Michael Gordon, MD, MSc, FRCPC, FRCP (Edin), Daniel Buchman, BA, and Stephen H. Buchman, MD, CCFP, FCFP

INTRODUCTION
An important skill of any healthcare provider is the ability to effectively communicate, an especially key element in the relationship between physician and patient. Successful and effective communication results in conveying and listening to information in a manner that is most appropriate to both the recipient and the provider of the information. Being “most appropriate” means that the goals of the interchange, including content, intent, and expectations, are met and understood by those involved. The approach in communicating information, predictions, and prognoses to patients and loved ones will have a crucial affect on their current and future behavior, as well as potentially on treatment and illness outcomes.1

CASE PRESENTATION
A 94-year-old female with metastatic breast cancer was residing in a nursing home.

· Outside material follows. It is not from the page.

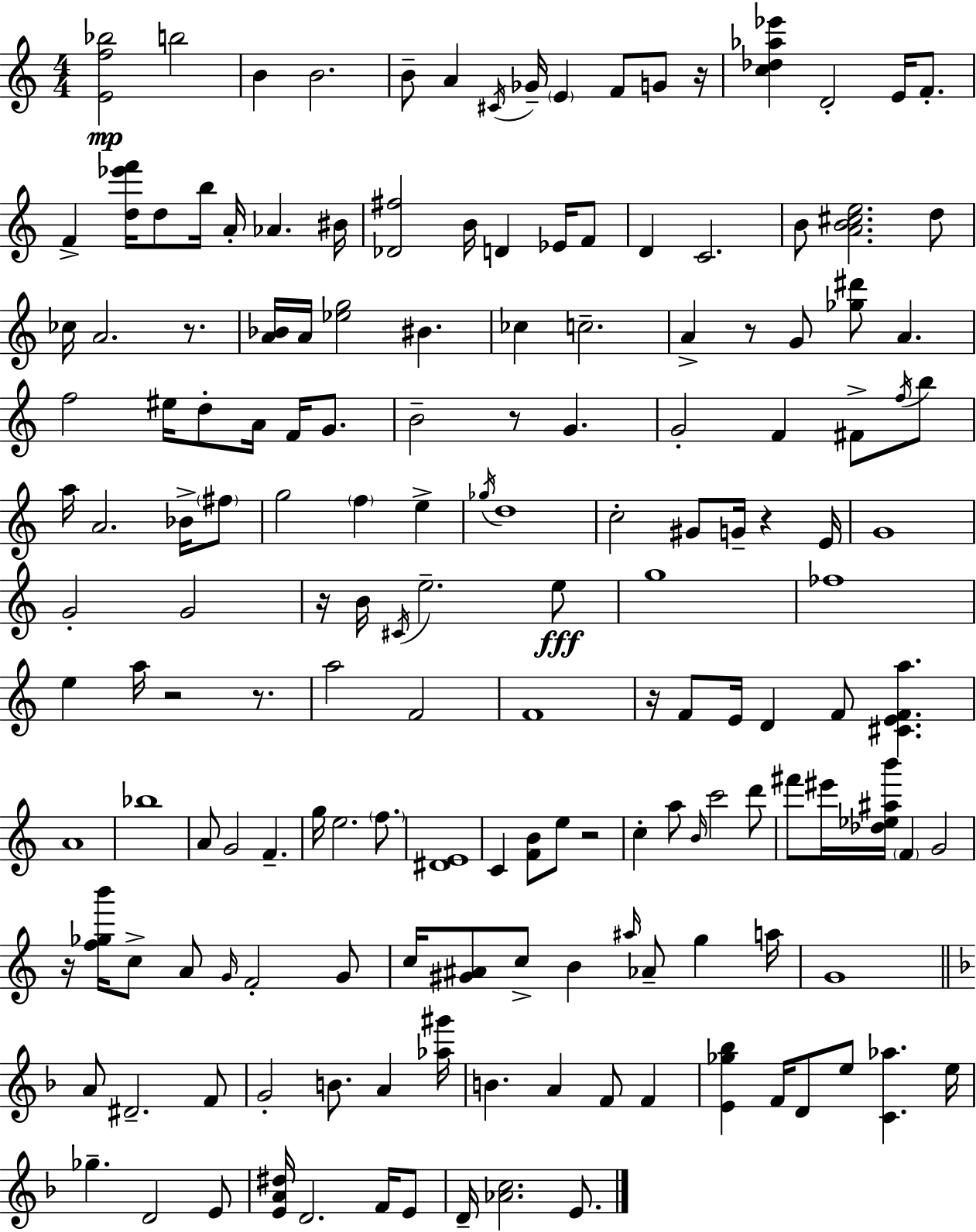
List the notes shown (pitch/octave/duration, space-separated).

[E4,F5,Bb5]/h B5/h B4/q B4/h. B4/e A4/q C#4/s Gb4/s E4/q F4/e G4/e R/s [C5,Db5,Ab5,Eb6]/q D4/h E4/s F4/e. F4/q [D5,Eb6,F6]/s D5/e B5/s A4/s Ab4/q. BIS4/s [Db4,F#5]/h B4/s D4/q Eb4/s F4/e D4/q C4/h. B4/e [A4,B4,C#5,E5]/h. D5/e CES5/s A4/h. R/e. [A4,Bb4]/s A4/s [Eb5,G5]/h BIS4/q. CES5/q C5/h. A4/q R/e G4/e [Gb5,D#6]/e A4/q. F5/h EIS5/s D5/e A4/s F4/s G4/e. B4/h R/e G4/q. G4/h F4/q F#4/e F5/s B5/e A5/s A4/h. Bb4/s F#5/e G5/h F5/q E5/q Gb5/s D5/w C5/h G#4/e G4/s R/q E4/s G4/w G4/h G4/h R/s B4/s C#4/s E5/h. E5/e G5/w FES5/w E5/q A5/s R/h R/e. A5/h F4/h F4/w R/s F4/e E4/s D4/q F4/e [C#4,E4,F4,A5]/q. A4/w Bb5/w A4/e G4/h F4/q. G5/s E5/h. F5/e. [D#4,E4]/w C4/q [F4,B4]/e E5/e R/h C5/q A5/e B4/s C6/h D6/e F#6/e EIS6/s [Db5,Eb5,A#5,B6]/s F4/q G4/h R/s [F5,Gb5,B6]/s C5/e A4/e G4/s F4/h G4/e C5/s [G#4,A#4]/e C5/e B4/q A#5/s Ab4/e G5/q A5/s G4/w A4/e D#4/h. F4/e G4/h B4/e. A4/q [Ab5,G#6]/s B4/q. A4/q F4/e F4/q [E4,Gb5,Bb5]/q F4/s D4/e E5/e [C4,Ab5]/q. E5/s Gb5/q. D4/h E4/e [E4,A4,D#5]/s D4/h. F4/s E4/e D4/s [Ab4,C5]/h. E4/e.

The staff felt that she would benefit from transfer to an attached palliative care unit because of difficulties the nursing home staff were having meeting her symptom needs, especially bone pain. The family, which included a son, a daughter-in-law, and a granddaughter, seemed interested in the proposed transfer to the palliative care unit. The nursing home physician, trying to be supportive in her explanations of the expected prognosis and palliative care needs, suggested to the family that it was difficult to anticipate the patient’s life expectancy, and that it could potentially be some weeks before she died.

The family, including the granddaughter, who seemed to be the family spokesperson, visited the palliative care unit and spoke to members of the care team. The team discussed the philosophy of palliative care and the focus on symptom management. They explained the likely course the grandmother would experience during her stay on the unit. From the staff point of view, it was deemed that the patient was pre-terminal with a potential life expectancy of no more than 2-3 weeks. The next day, a Friday, the patient was transferred to the unit because she appeared to be very uncomfortable, and the nursing home staff felt that they could not adequately provide effective pain management. When the unit’s attending physician evaluated the patient, he concluded that she was terminal with Cheyne-Stokes respiration and expressions of severe pain that interfered with nursing care, including the basic process of turning the patient.

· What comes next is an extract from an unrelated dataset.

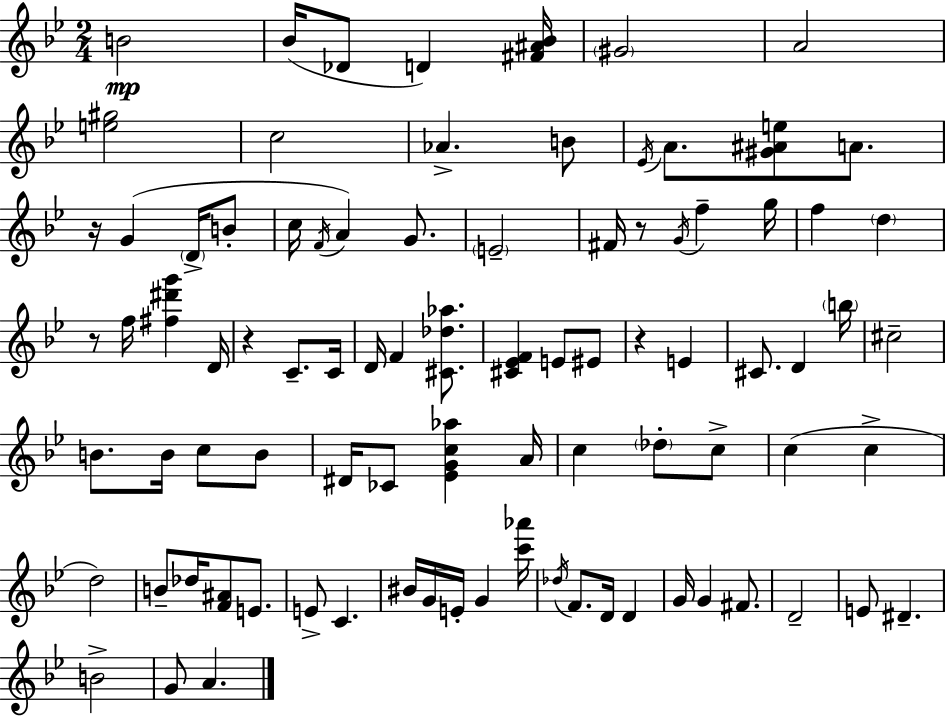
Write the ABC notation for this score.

The physician ordered morphine subcutaneously, with the dose based on previous morphine doses on a flexible dosing schedule that allowed for breakthrough pain. Supplemental haloperidol was ordered for agitation aggravated by the pain. Over the next 36 hours, the patient’s symptoms gradually came under control. The granddaughter expressed concern about the decline in the patient’s wakefulness. Medical advice was sought from the weekend on-call physician. With a decrease in medication, the patient began moaning again, and therefore the dose was increased to address the painful symptoms, much to the dismay of the granddaughter.

The patient died that weekend. According to the nursing staff and the on-call physician, her symptoms were apparently well-controlled. The physician explained to the granddaughter the rationale behind the medication orders, and tried to assure her that her grandmother was comfortable and that she was in the process of dying. He emphasized the importance of adequate pain management in her final period of life. She died with the staff believing that they had achieved the patient’s palliative care needs; the patient’s son, granddaughter, and daughter-in-law seemed satisfied with the care.

A week after the death, the unit’s social worker received a letter outlining a list of care concerns expressed by the granddaughter, on behalf of her family.